DIRECTIONS FOR THIS TASK:
Go through the data and copy each line where the string "Front" appears.

INFORMATION:
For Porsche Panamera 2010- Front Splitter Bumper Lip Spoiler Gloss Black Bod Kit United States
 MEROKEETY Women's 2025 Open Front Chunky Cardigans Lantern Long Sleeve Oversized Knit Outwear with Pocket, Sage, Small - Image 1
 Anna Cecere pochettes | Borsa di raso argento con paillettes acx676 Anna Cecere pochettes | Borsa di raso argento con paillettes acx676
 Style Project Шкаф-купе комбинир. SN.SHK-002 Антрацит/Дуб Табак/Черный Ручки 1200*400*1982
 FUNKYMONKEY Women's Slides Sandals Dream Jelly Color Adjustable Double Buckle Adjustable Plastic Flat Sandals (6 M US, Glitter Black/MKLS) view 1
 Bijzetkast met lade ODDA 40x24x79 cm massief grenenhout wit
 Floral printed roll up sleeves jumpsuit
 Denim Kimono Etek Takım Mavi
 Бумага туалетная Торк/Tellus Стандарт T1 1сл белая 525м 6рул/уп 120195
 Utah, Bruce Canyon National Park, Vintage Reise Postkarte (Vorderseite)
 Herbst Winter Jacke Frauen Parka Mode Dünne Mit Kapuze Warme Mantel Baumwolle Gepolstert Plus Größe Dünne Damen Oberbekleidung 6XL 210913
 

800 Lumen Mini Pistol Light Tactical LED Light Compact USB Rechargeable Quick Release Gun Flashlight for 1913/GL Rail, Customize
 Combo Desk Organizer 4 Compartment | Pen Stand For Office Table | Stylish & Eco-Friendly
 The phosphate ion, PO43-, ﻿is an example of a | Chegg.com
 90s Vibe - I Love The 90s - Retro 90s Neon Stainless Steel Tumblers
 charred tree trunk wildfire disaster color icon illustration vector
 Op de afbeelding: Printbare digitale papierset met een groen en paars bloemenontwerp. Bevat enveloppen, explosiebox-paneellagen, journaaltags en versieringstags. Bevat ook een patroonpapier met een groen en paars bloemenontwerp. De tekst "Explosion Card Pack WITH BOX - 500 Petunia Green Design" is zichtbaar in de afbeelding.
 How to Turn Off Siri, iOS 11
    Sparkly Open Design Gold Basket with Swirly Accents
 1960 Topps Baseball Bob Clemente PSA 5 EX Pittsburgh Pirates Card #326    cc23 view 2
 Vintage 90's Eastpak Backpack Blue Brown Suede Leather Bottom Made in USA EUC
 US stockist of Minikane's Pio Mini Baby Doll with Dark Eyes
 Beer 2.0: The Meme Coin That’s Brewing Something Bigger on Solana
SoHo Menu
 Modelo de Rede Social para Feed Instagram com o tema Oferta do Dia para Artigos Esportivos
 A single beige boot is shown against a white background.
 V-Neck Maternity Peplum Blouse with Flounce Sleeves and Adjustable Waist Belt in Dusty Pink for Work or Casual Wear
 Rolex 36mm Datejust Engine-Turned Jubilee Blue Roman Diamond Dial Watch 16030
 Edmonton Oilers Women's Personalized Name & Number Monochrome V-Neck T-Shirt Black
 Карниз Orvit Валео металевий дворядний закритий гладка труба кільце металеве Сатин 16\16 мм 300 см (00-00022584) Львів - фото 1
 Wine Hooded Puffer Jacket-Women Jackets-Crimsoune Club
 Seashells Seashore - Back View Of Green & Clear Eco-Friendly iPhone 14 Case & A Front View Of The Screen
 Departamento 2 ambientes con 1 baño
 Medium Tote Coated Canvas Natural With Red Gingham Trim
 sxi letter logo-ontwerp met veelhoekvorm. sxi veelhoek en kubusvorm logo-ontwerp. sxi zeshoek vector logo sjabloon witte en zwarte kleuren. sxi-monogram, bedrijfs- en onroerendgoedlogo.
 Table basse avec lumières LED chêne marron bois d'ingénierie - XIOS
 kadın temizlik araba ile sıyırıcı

ANSWER TO THIS TASK:
For Porsche Panamera 2010- Front Splitter Bumper Lip Spoiler Gloss Black Bod Kit United States
 MEROKEETY Women's 2025 Open Front Chunky Cardigans Lantern Long Sleeve Oversized Knit Outwear with Pocket, Sage, Small - Image 1
 Seashells Seashore - Back View Of Green & Clear Eco-Friendly iPhone 14 Case & A Front View Of The Screen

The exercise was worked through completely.